Johann Sebastian Bach Composer
Capriccio on the Departing of his Most Beloved Brother in Bb, BWV992
Musicology:The Capriccio for keyboard in B flat major, BWV 992, described by its composer J.S. Bach as a "Capriccio sopra la lontananza del fratello dilettissimo" (Capriccio on the departure [absence] of his most dear brother), is among the earliest surviving Bach keyboard works and was probably composed around the time of his brother Jacob's entrance into the service of King Charles XII of Sweden in 1704. It also boasts the distinction of being a unique example of Bach trying his hand at a programmatic, or at least semi-programmatic, kind of writing. Each of its six movements—some of which are substantial, others quite brief—is prefaced by a few words that describe its place in the collective drama of the brother departing.
Capriccio on the Departing of his Most Beloved Brother in Bb, BWV992Key: Bb
Genre: Other Keyboard
Pr. Instrument: Harpsichord
- 1.Arioso (Adagio): Ist eine Schmeichelung der Freunde, um denselben von seiner Reise abzuhalten (His friends try to persuade him not to undertake the journey)

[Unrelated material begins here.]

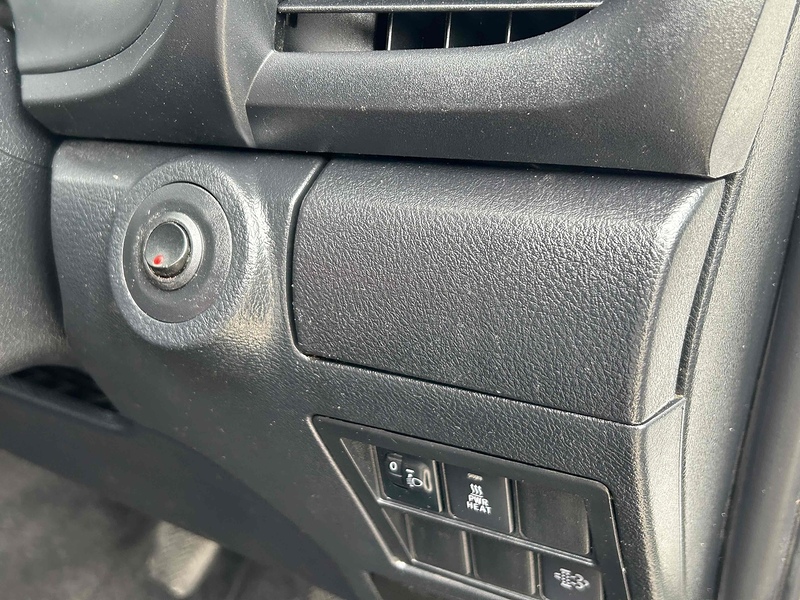 Toyota D-4D Active Pickup 2.4 Manual Diesel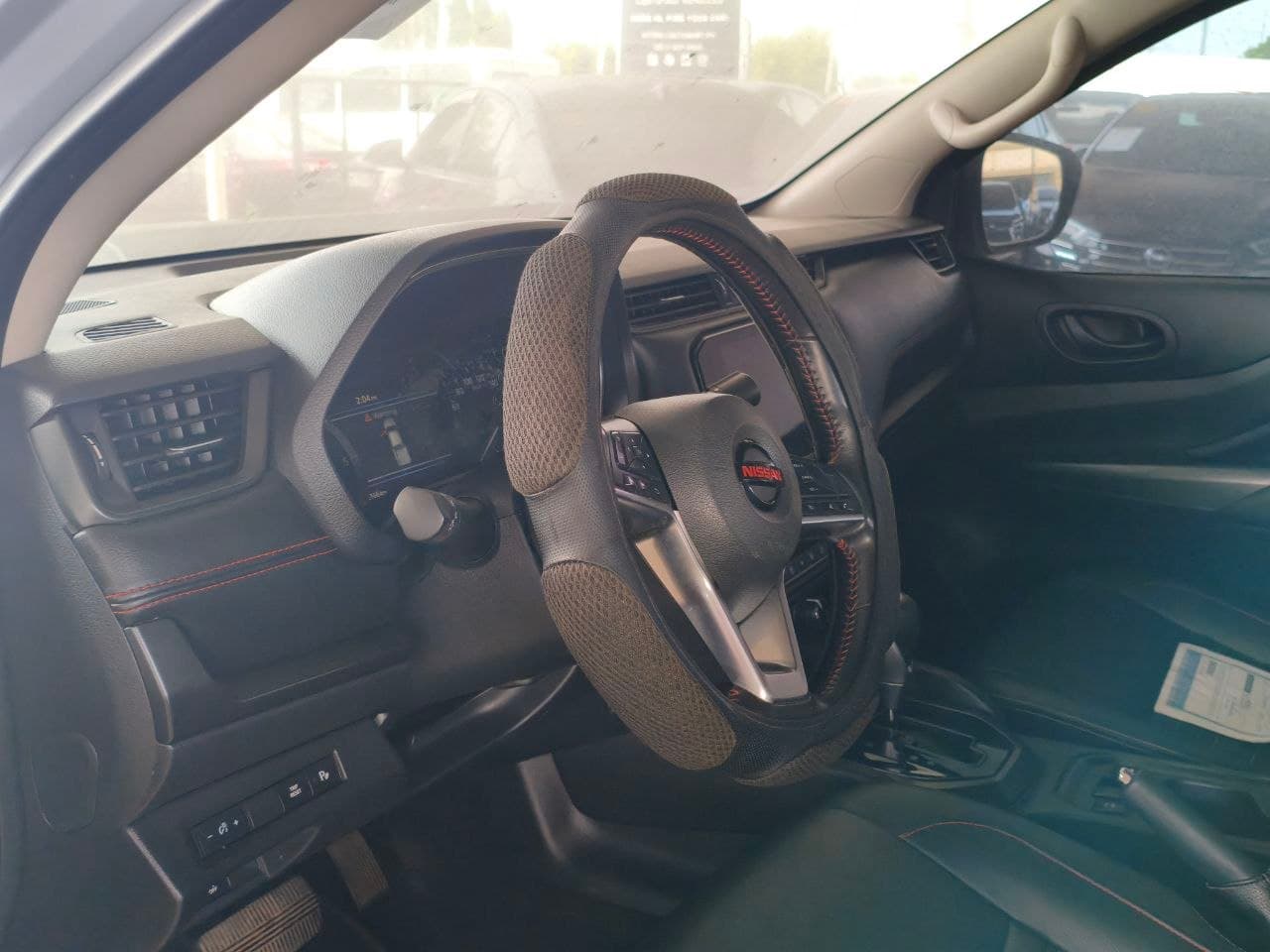 Car gallery image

- 2.Andante: Ist eine Vorstellung unterschiedlicher Casuum, die ihm in der Fremde konnten vorfallen (They tell him of the various misfortunes that may befall him abroad)
- 3.Adagiosissimo: Ist ein allgemeines Lamento der Freunde (The general lament of his friends)
- 4.Allhier kommen die Freunde (weil sie doch sehen, daß es sanders nicht sein kann) und nehmen Abschied (His friends come, since they see that it must be, and take leave of him)
- 5.Allegro poco: Aria di Postiglione
- 6.Fuga all' imitatione della cornetta di Postiglione
In the opening "Arioso" (Adagio), a group of loving friends tries to talk the brother out of his journey and in the semi-fugal G minor second movement (no tempo marking, but clearly an Andante-type movement) they continue their efforts by describing all the various catastrophes that could befall him on his way. The third movement is a chaconne in which the repeating bass pattern is played 12 times in all, changing a little each time and growing more active as it goes; just one upper voice is notated, but Bach has provided some figured bass indications to fill out some of the texture. By the time one has reached the slender, 11-bar fourth movement the friends have resigned themselves to the fact of the brother's departure and bid him farewell as the music gropes its way back to the home key of B flat major, by way of some benign chromatic action. An "Aria di Postiglione" (Postilion's Aria; Adagio poco) fully partakes of this rich B flat major broth, and the Capriccio concludes with a fugue built from a brass fanfare-type subject.